**Action item**: Please restate, exactly as written, the lines running from the beginning of the material through the line that has "černo/zlaté Kožené dámské" in it.

**Entries supplied**:
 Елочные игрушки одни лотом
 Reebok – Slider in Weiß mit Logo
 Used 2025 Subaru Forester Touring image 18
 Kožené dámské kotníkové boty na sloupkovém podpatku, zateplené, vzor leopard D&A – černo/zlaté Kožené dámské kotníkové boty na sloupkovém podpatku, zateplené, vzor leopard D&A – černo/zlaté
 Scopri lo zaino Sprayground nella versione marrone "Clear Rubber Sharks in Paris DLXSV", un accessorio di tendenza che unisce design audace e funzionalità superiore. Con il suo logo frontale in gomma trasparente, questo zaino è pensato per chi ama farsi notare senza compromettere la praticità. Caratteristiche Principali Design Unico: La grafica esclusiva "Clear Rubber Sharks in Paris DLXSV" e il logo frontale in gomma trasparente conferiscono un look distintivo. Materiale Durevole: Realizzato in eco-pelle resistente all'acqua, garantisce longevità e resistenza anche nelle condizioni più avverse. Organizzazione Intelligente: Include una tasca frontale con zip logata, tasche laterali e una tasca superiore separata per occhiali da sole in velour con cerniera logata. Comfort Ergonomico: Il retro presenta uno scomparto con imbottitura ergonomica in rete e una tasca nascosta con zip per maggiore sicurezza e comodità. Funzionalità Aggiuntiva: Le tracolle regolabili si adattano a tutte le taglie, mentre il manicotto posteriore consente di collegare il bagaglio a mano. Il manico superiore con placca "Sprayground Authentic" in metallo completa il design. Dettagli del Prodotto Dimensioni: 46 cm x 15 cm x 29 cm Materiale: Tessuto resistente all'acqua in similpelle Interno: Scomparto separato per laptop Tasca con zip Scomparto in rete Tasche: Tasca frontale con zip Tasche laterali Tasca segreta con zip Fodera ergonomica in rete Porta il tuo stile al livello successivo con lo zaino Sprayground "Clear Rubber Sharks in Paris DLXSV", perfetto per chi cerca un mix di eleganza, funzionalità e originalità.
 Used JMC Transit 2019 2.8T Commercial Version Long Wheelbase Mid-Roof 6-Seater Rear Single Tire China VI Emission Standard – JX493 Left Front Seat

**Exercise solution**:
 Елочные игрушки одни лотом
 Reebok – Slider in Weiß mit Logo
 Used 2025 Subaru Forester Touring image 18
 Kožené dámské kotníkové boty na sloupkovém podpatku, zateplené, vzor leopard D&A – černo/zlaté Kožené dámské kotníkové boty na sloupkovém podpatku, zateplené, vzor leopard D&A – černo/zlaté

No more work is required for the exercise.